Agreement of a pointwise, weak limit and a weak-$\ast$ limit of Bochner-integrable functions

Question

Let $T$ be a positive, real number and $\Omega \subset \mathbb{R}^d$ a bounded, connected, open set. For a given $p \in [2,\infty)$, I have a sequence of functions $(f_n)_{n \in \mathbb{N}} \subset L^\infty(0,T; L^p(\Omega))$, each of which is defined genuinely for every $t \in [0,T]$, not just a.e. $t$. Moreover, for each $n \in \mathbb{N}$ and $t \in [0,T]$, we have $f_n(t) \ge 0$ a.e. in $\Omega$ and $\int_\Omega f_n(t,x)\,dx = 1$, i.e., $(f_n(t))_{n \in \mathbb{N}}$ is a sequence of probability densities on $\Omega$. Finally, there exists some $M>0$, independent of $n \in \mathbb{N}$ and $t \in [0,T]$, such that $\| f_n(t) \|_{L^p(\Omega)} \le C$.

I can prove the following two statements:

1. By some information about where the $f_n$ come from, I can prove that there exists a function $g \colon [0,T] \to L^p(\Omega)$ that is weakly continuous in the sense that for every $t \in [0,T]$ and for every $\varphi \in L^{p'}(\Omega)$, where $p' := \frac{p}{p-1}$ is the Hölder conjugate of $p$, we have $\lim_{s \to t}\int_\Omega \big(g(t) - g(s)\big)\varphi \,dx = 0$. This function has the property that $g(t) \ge 0$ a.e. in $\Omega$ and $\int_\Omega g(t,x) \,dx = 1$. I can prove that, for every $t \in [0,T]$, we have $f_n(t) \rightharpoonup g(t)$ weakly in $L^p(\Omega)$.
2. From the uniform bound $\sup_{n \in \mathbb{N}} \sup_{t \in [0,T]} \| f_n(t) \|_{L^p(\Omega)} \le M$, there exists $h \in L^\infty(0,T; L^p(\Omega))$ such that $f_n \rightharpoonup h$ weakly-$\ast$ in $L^\infty(0,T; L^p(\Omega))$.

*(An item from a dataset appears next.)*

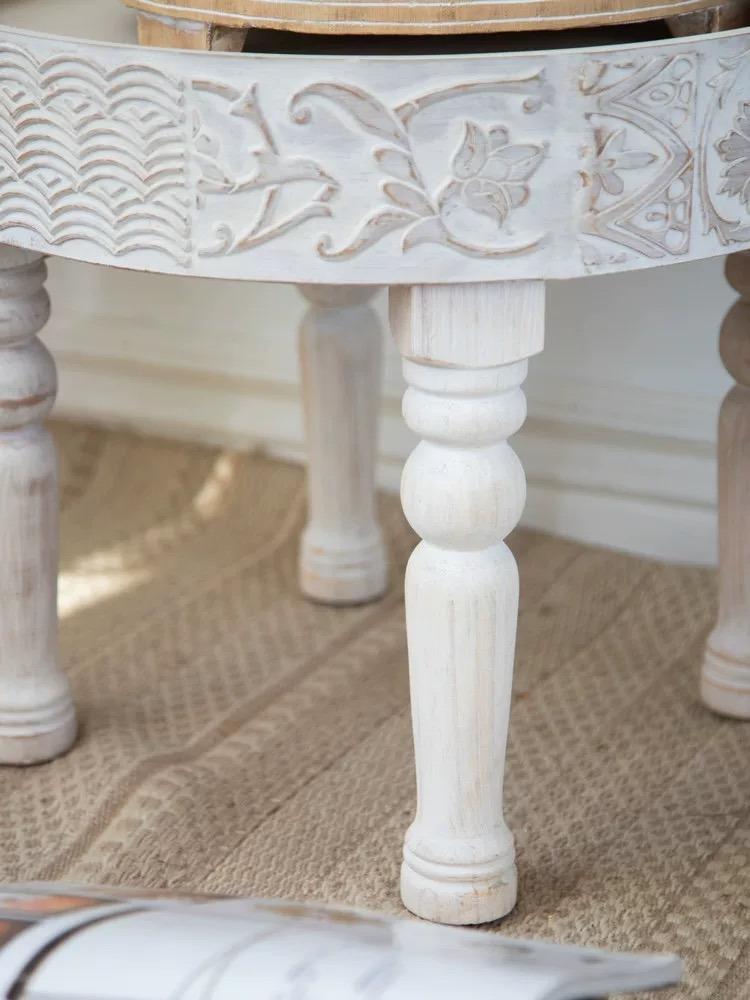 French White Tray Top End Table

My question: is it true that for a.e. $t \in [0,T]$ we have $g(t) = h(t)$?

I'm not sure how to begin proving or disproving this. Can someone please provide some guidance? Thank you!

Answer 1

Take $\phi \in C_c^\infty(0,T)$ and $v\in L^q(\Omega) = L^p(\Omega)^*$. Then $\phi v \in L^1(0,T;L^{p'}(\Omega))$, so that $$ \int_0^T \int_\Omega (f_n-h) v \phi dx\ \ dt \to 0. $$ For fixed $t$, the function $t\mapsto \int_\Omega f_n(t) v(x) \phi(t)\ dx$ converges pointwise to $ \int_\Omega g(t) v(x) \phi(t)\ dx$. In addition, we have the pointwise bound $$ \left| \int_\Omega f_n(t) v(x) \phi(t)\ dx\right| \le \|f_n\|_{L^\infty(0,T;L^p(\Omega))} \|v\|_{L^1(0,T;L^{p'}(\Omega))} \|\phi\|_{L^\infty}, $$ which is integrable. Using dominated convergence theorem, we can pass to the limit $$ \int_0^T \int_\Omega f_n(t) v(x) \phi(t)\ dx \ dt \to \int_0^T \int_\Omega g(t) v(x) \phi(t)\ dx \ dt . $$ Since $\phi$ is arbitrary it follows $\int_\Omega (g(t)-h(t))v(x) \ dx=0$ for almost all $t$. Since $v$ is arbitrary, it follows $g=h$ a.e.